The 6-3 decision, authored by Justice Samuel Alito and joined by the court’s five other conservative justices, struck down Louisiana’s second majority-Black congressional district and dramatically narrowed Section 2 of the Voting Rights Act of 1965 — the provision that for decades allowed voters of color to challenge maps that diluted their political power.
The ruling does not eliminate Section 2 entirely. But in her dissent, Justice Elena Kagan — joined by Justices Sotomayor and Jackson — described what the majority had done in terms that left little ambiguity.
“Today’s decision renders Section 2 all but a dead letter,” Kagan wrote. “The Callais requirements have thus laid the groundwork for the largest reduction in minority representation since the era following Reconstruction.”
The practical effect is significant. Section 2’s power came from its ability to hold states accountable not just for intentional discrimination but for practices that produced racially discriminatory results — even when those results were disguised as partisan decisions. That framework, known as the Gingles test after the 1986 case that established it, has been the primary legal tool available to Black and Latino voters challenging maps designed to dilute their representation for four decades.
Justice Alito’s majority opinion said that framework needed to be updated for “vast social change” across the country, particularly in the South. He also cited the court’s 2019 decision allowing partisan gerrymandering as creating “an incentive for litigants to repackage partisan claims under the guise of race-based challenges” — a framing that effectively allows states to use the permission to gerrymander on partisan grounds as cover for racial discrimination.
Plaintiffs will now have to provide significantly stronger proof that a state intentionally discriminated against voters of color — not merely that their maps produced discriminatory results. That is a substantially higher bar in cases where discriminatory intent is often deliberately obscured.

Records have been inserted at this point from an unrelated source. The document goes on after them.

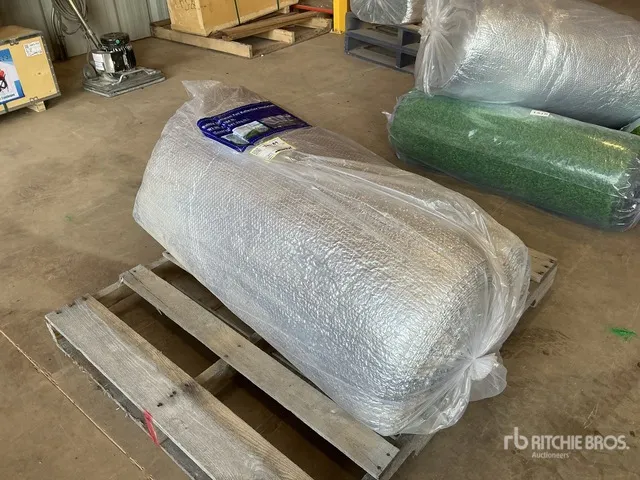 3.3 ft x 164 ft Bubble Aluminum Foil Reflective Insulation (Unused)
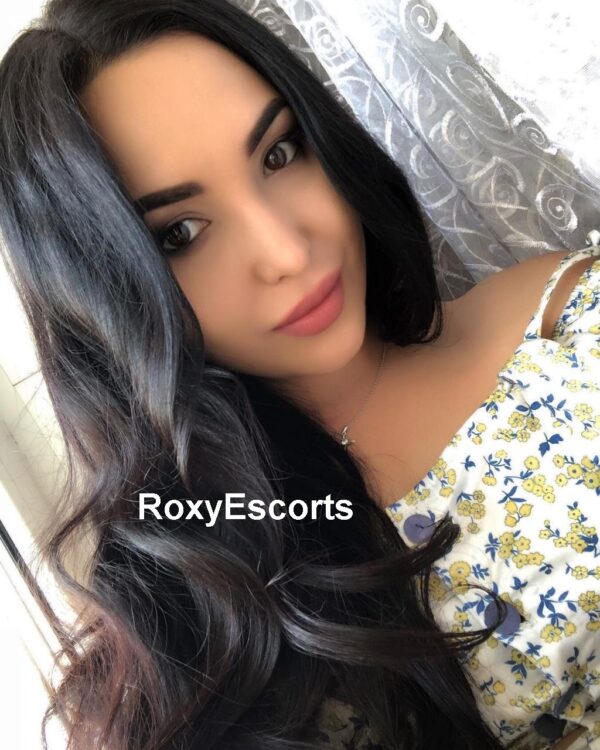 Isabela - ROXYESCORTS AGENCY - Image 4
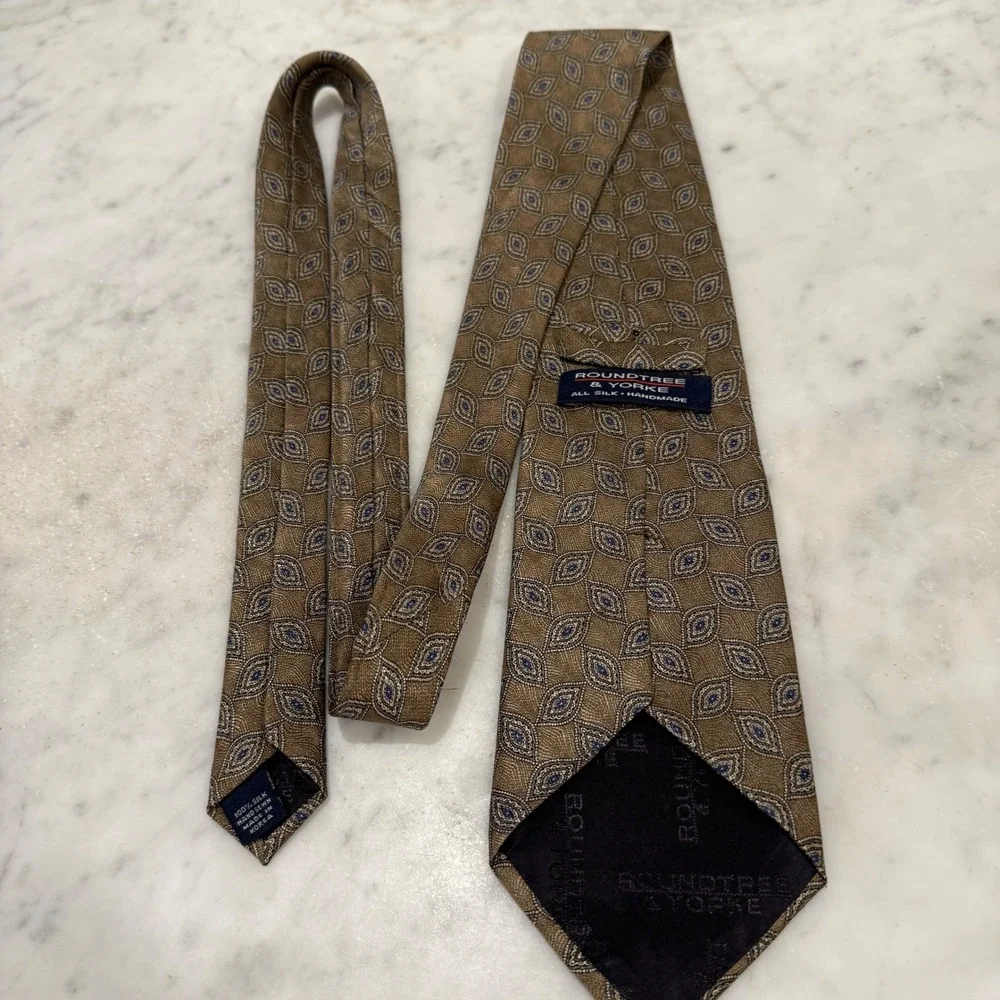 Roundtree & Yorke Silk Necktie Handmade Leaf Pattern Brown Blue‎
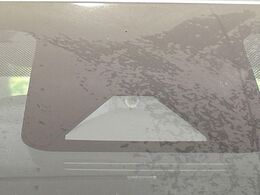 【トヨタセーフティセンス】走行中に前方の車両等を認識し、衝突しそうな時は警報とブレーキで衝突回避と被害軽減をアシスト。より安全にドライブをお楽しみいただけます。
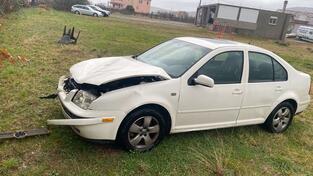 Volkswagen - Bora - 1.9TDI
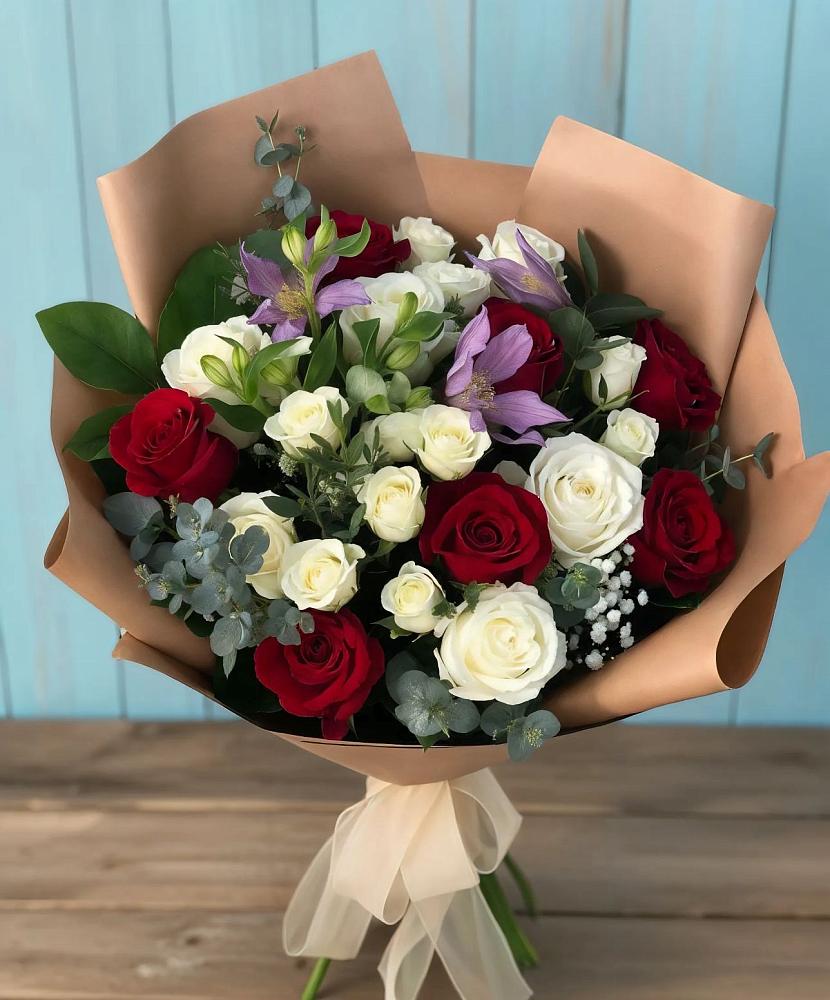 Букет цветов из: Розы и Альстромерии в Нечаевке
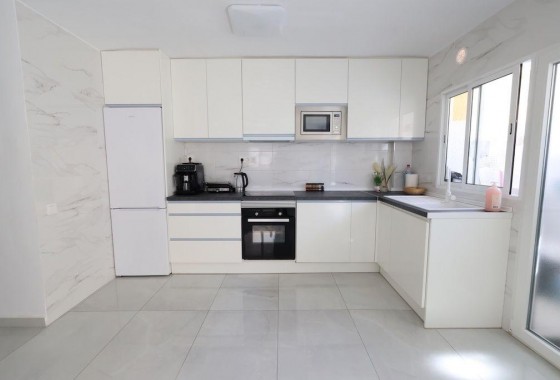 Resale - Apartment / flat - Torrevieja - Costa Blanca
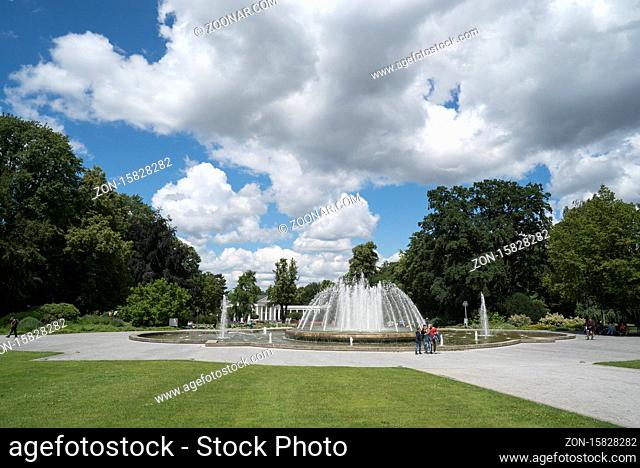 Fontaine im Kurpark Bad Oeynhausen / Fountain in Bad Oeynhausen Health Resort Gardens, 12.7.2020, Foto: Robert B. Fishman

The timing matters enormously. Florida’s legislature is voting today on a DeSantis-drawn map that Democrats had argued would face immediate Section 2 challenges. DeSantis’s general counsel had explicitly argued last week that the VRA no longer constrained Florida’s mapmaking. Wednesday’s ruling is a direct confirmation of that argument — the legal shield DeSantis claimed he had, the court just handed him.
The implications extend well beyond Florida. Mississippi’s governor said he would call a special session to rapidly redraw maps following the ruling. Texas, which has had at least one political map blocked under Section 2 every decade since the law went into effect, could move to revisit its congressional, state House, and Senate maps. Analysts estimate that up to a quarter of the Congressional Black Caucus and roughly a tenth of the Congressional Hispanic Caucus could be affected by map changes that would previously have triggered Section 2 scrutiny — and now won’t.
For the 2026 midterms specifically, the ruling arrives at the exact moment when the redistricting war between the parties is being decided. Democrats had used Section 2 as a backstop against the most aggressive Republican maps. That backstop is now gone.